Over the course of the next six hours, I laid the ground work for what was sure to be the most important relationship of our lives. Cinnyminny never really seemed interested in having a conversation, but she also didn’t seem to be in a rush to get off the phone, so I knew she was playing hard to get. She also kept bringing the conversation back to sex, and some of the things she said were absolutely shocking. I told her, “I know you’re just saying those things because you think men expect you to say them, but I’m not interested in all that. I want to know about the real you.” We were at the bottom of a steep hill to a happy, healthy Cinnamon, but I’d climb Mount Everest just to see her smile.
When it came time to end our conversation, Cinnabun feigned disinterest, but I wasn’t fooled. I knew she didn’t want to come off as the desperate woman from the commercial. She wasn’t really putting herself out there, so I took the next step: I promised her I would call again. She told me that she couldn’t guaranteed I’d speak to her the next time I called, but any of the other girls would be more than happy to have me call them Cinnamon. I don’t really have an explanation for that one, but it was late, we were both a little punch drunk, and maybe she’d just misspoke. We said our goodbyes, or rather I tried to say goodbye but was abruptly returned to the automated menu, and with heavy heart I retired to bed.

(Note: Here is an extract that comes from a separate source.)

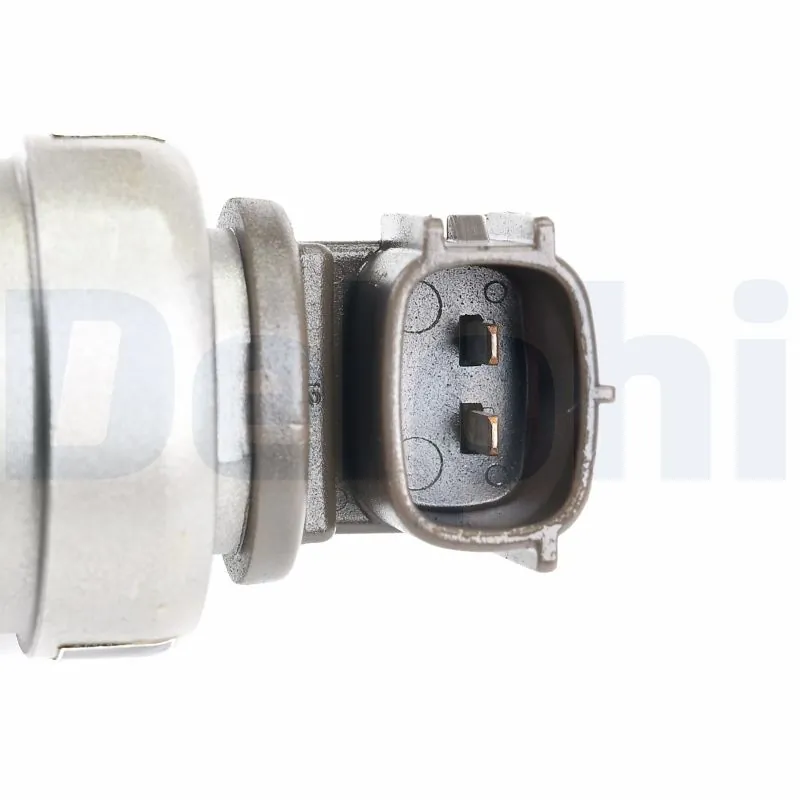Injector DELPHI HRD629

The next day I reflected upon the previous night’s endeavor and realized that it wasn’t a love connection. I couldn’t be the man she wanted me to be, and she clearly had some issues to work out that were beyond the scope of my understanding. I never called back, and the only time our paths crossed again was when my credit card company called to tell me that $720 had been charged to my account by an entity known only as “Livelinks.” They asked if I wanted to dispute the charge, but I smiled to myself and said no. Cinnamon clearly needed the money more than I did, and if my $720 helped propel her towards a better life, then I’d done my part as her friend.
Every once in a while I’ll still see Cinnamon’s commercial. Still bored, still lonely, still searching. I’d smile, think of our conversation, and hope that someday she’d find what she was looking for.